To: Hawkmoon who wrote (3276)2/4/2003 8:02:48 AM
From: skinowski  Read Replies (1) | Respond to of 15987
 
There were reports that Israelis were executing prisoners at El Arish on June 8th (General Tal's division)...

Hawk, Oren does mention the prisoner-shooting theory…

Among the more far-fetched theories that have been suggested is the possibility that the Liberty was attacked because it had learned of the Israeli execution of Egyptian POWs; or that it had picked up Israeli attempts to draw Jordan into the war so that Jerusalem might be brought under Israeli control.43 But no document, American or Israeli, contains any reference to prisoner executions; neither are they mentioned in any Arabic source that has come to light to date.44 By the same token, the Jordanian attack on Israel on June 5 and the fall of Jerusalem to Israeli forces on June 7 took place well before the Liberty's arrival off the Gaza coast, and none of the documents now available in any way link the Liberty incident on June 8 to these events.

shalem.org.il

I am no expert on this incident, but I doubt that any Israeli leader would risk a conflict with the USA in the midst of the 6 Day War – or at any other time, for that matter, even if they did have a reason, which – to my knowledge – they never ever did.



To: Hawkmoon who wrote (3276)2/6/2003 9:49:34 PM
From: Nadine Carroll  Read Replies (1) | Respond to of 15987
 
Hawk, I know that some members of Johnson administration did not believe the Liberty incident could be a screwup, despite the Israeli and US commisions of inquiry that concluded it was. But this purported motive

There were reports that Israelis were executing prisoners at El Arish on June 8th (General Tal's division)...

Even if it had been true (it wasn't), how does it stack up as a motive? Oops, the Americans might find out we killed some Egyptian prisoners and might get mad at us, so let's sink one of their observation ships, that won't bother them too much; they'll be less sensitive to dead American sailors than to dead Egyptian POWs. I mean, hello? Does this make any kind of sense to you?

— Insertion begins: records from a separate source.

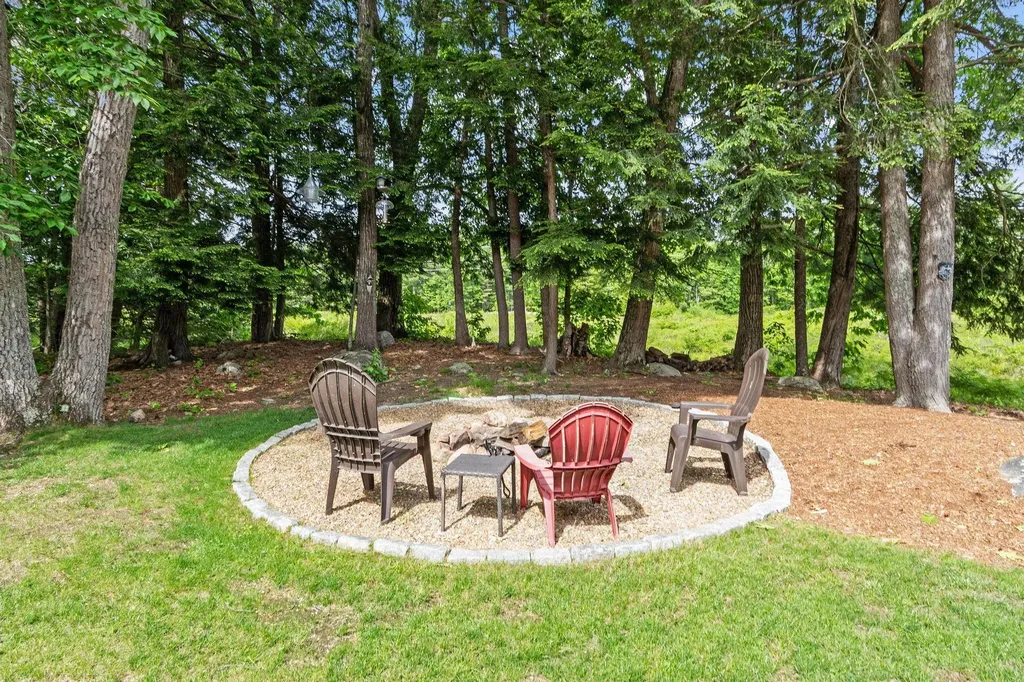 88 Horizon Drive Goffstown NH 03045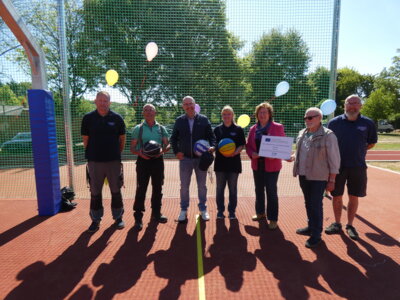 Foto zur Meldung: Eröffnung Sportplatz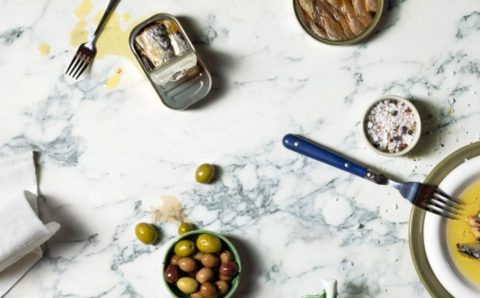 Blaty kompaktowe w śródziemnomorskiej aranżacji – jasne kamienie i naturalne faktury Fundermax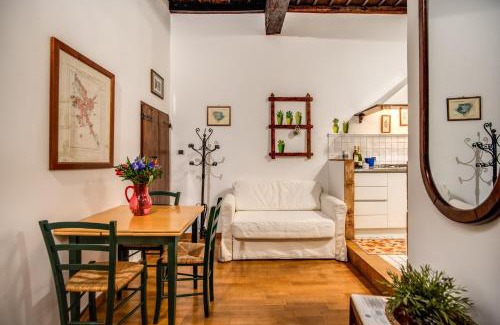 Rione VI Parione Apartment | Elegant Campo de' Fiori Eleonorhouse with Family & Pet Options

As Oren says in Six Days of War pp 270-271:

...A navy court of inquiry, convened in Malta by Rear Adm. Isaac C. Kidd, Jr., shortly after the attack, posited that, for lack of sufficient wind, the Liberty's flag might not have been visible to Israeli pilots, and that the attack appeared to be "a case of mistaken identity." Further reviews were conducted by the CIA, Joint Chiefs of Staff, and the House Appropriations Committee, and the NSA. But at no time were answers sought to the questions of who sent the Liberty, lightly armed and incognito, into the middle of somebody else's war zone, and for what purpose. Never was it suggested, much less charged, that the Liberty's mission was an egregious mistake.

The absence of such answers would later give rise to a mélange of conspiracy theories purporting to explain the incident. Israel was said to have launched the attack to prevent the Liberty from reporting on its gains in Sinai, its alleged execution of Egyptian prisoners, or its interception of messages between Cairo and King Hussein. The most widespread of the charges held that Israel--Dayan, in particular--wanted the Liberty destroyed in order to conceal preparations for the coming thrust into Syria.

None of these theories withstood historical scrutiny, however, or even made much sense. Israel did little to hide from the Americans either its progress in Sinai or its intentions vis-à-vis the Golan. Jordan was already hors de combat by June 8. No evidence was found that Israel conducted mass executions of POW's or that it sought to disguise that act by killing Americans. Indeed, with their obsessive concern for U.S. opinion and their ingrained fear of the Soviets, the Israelis would have been loath to antagonize, much less make war against, their sole superpower protector. And while the IDF could have easily sunk the Liberty, the fact remained that it did not; it ceased firing the instant the mistake was realized, and offered to assist the ship. The logic of these arguments would be employed by Arab and Soviet commentators--ironically--who asserted that the Liberty had been spying for Israel during the war and was only erroneously attacked.